Vienna330 years ago the Turkish Ottoman army of 110-300 thousands, under the command of Grand Vizier Kara Mustafa Pasha besieged Vienna, the strategic stronghold at the gates of Christian Europe in order to conquer the continent. After two months of siege the crew defending Vienna was preparing for combat within the city walls. In the mean time an envoy was sent to a Polish ally, king John III Sobieski to request a relief, which ended up with one of the most important battles of all times.

ViennaJohn III Sobieski was already known in Ottoman Empire as a great strategist and fierce warrior called by Ottomans the “Lion of Lechistan”. The allied forces of 27 thousands of Polish Crown forces including Polish cavalry called hussars, and Austrian and German Troops of about 33 thousands, under the command of the Polish king, reached Vienna in early September. The German and Austrian troops were given the order to attack Ottoman forces as a decoy whereas Polish forces led by Sobieski himself moved to the Vienna Forest to prepare the main attack. The battle started in the morning of 12th of September with an attack of Polish infantry which cleaned the way for hussars and gathered intelligence for the main forces. The subsequent charge of the cavalry took only half an hour to wipe Ottoman forces. The Ottomans lost about 40 thousands during the battle, comparing to about 15 hundred of allied forces. Kara Mustafa was executed by strangulation at the order of sultan of Ottoman Empire, Mehmed IV. The Ottoman Empire never recovered after the battle and abandoned their plans to conquer the Christian Europe.

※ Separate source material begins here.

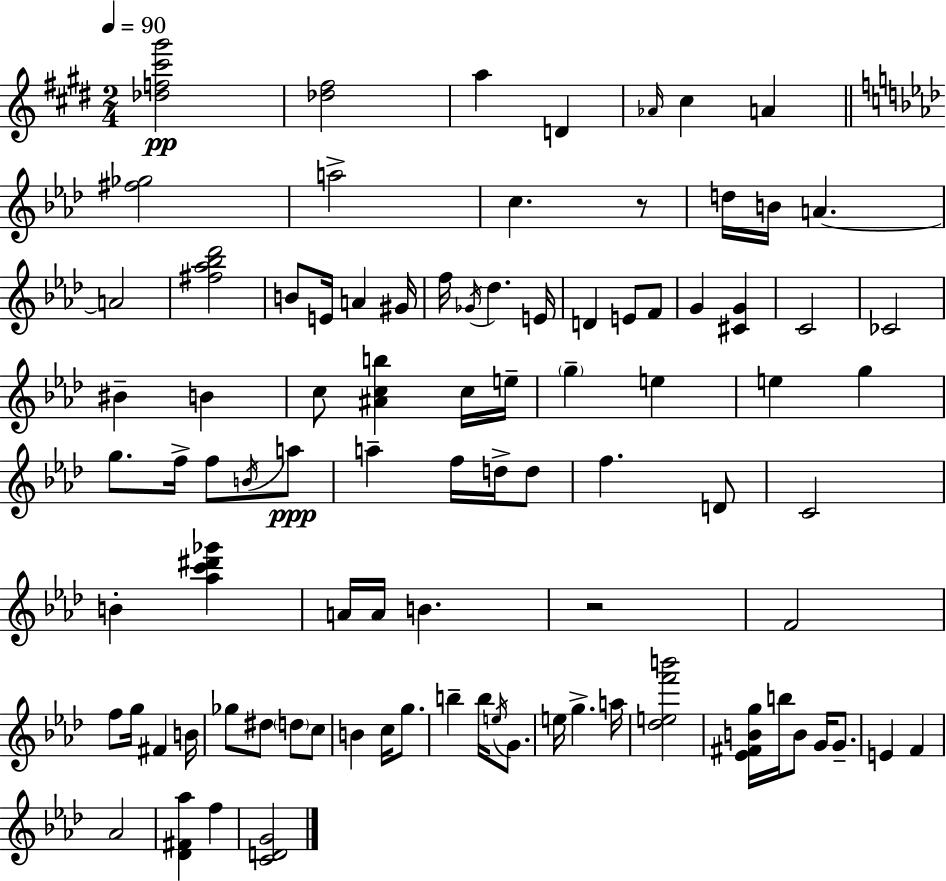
[Db5,F5,C#6,G#6]/h [Db5,F#5]/h A5/q D4/q Ab4/s C#5/q A4/q [F#5,Gb5]/h A5/h C5/q. R/e D5/s B4/s A4/q. A4/h [F#5,Ab5,Bb5,Db6]/h B4/e E4/s A4/q G#4/s F5/s Gb4/s Db5/q. E4/s D4/q E4/e F4/e G4/q [C#4,G4]/q C4/h CES4/h BIS4/q B4/q C5/e [A#4,C5,B5]/q C5/s E5/s G5/q E5/q E5/q G5/q G5/e. F5/s F5/e B4/s A5/e A5/q F5/s D5/s D5/e F5/q. D4/e C4/h B4/q [Ab5,C6,D#6,Gb6]/q A4/s A4/s B4/q. R/h F4/h F5/e G5/s F#4/q B4/s Gb5/e D#5/e D5/e C5/e B4/q C5/s G5/e. B5/q B5/s E5/s G4/e. E5/s G5/q. A5/s [Db5,E5,F6,B6]/h [Eb4,F#4,B4,G5]/s B5/s B4/e G4/s G4/e. E4/q F4/q Ab4/h [Db4,F#4,Ab5]/q F5/q [C4,D4,G4]/h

After the battle Sobieski, sitting in the captured Vizier’s tent, wrote two letters, one to Pope Innocent XI and the other one to king’s beloved wife, Marie. In the letter to the pope he paraphrased Julius Caesar's quote, “Veni, vidi, vici” by writing "Venimus, Vidimus, Deus vincit", “We came, we saw, God won”.
89 years later Austria along with Germany and Russia started the first partition of Poland and after another 23 years Poland disappeared from the map of Europe until 1918.
The only country which did not recognize the partitions of Poland was the Ottoman Empire.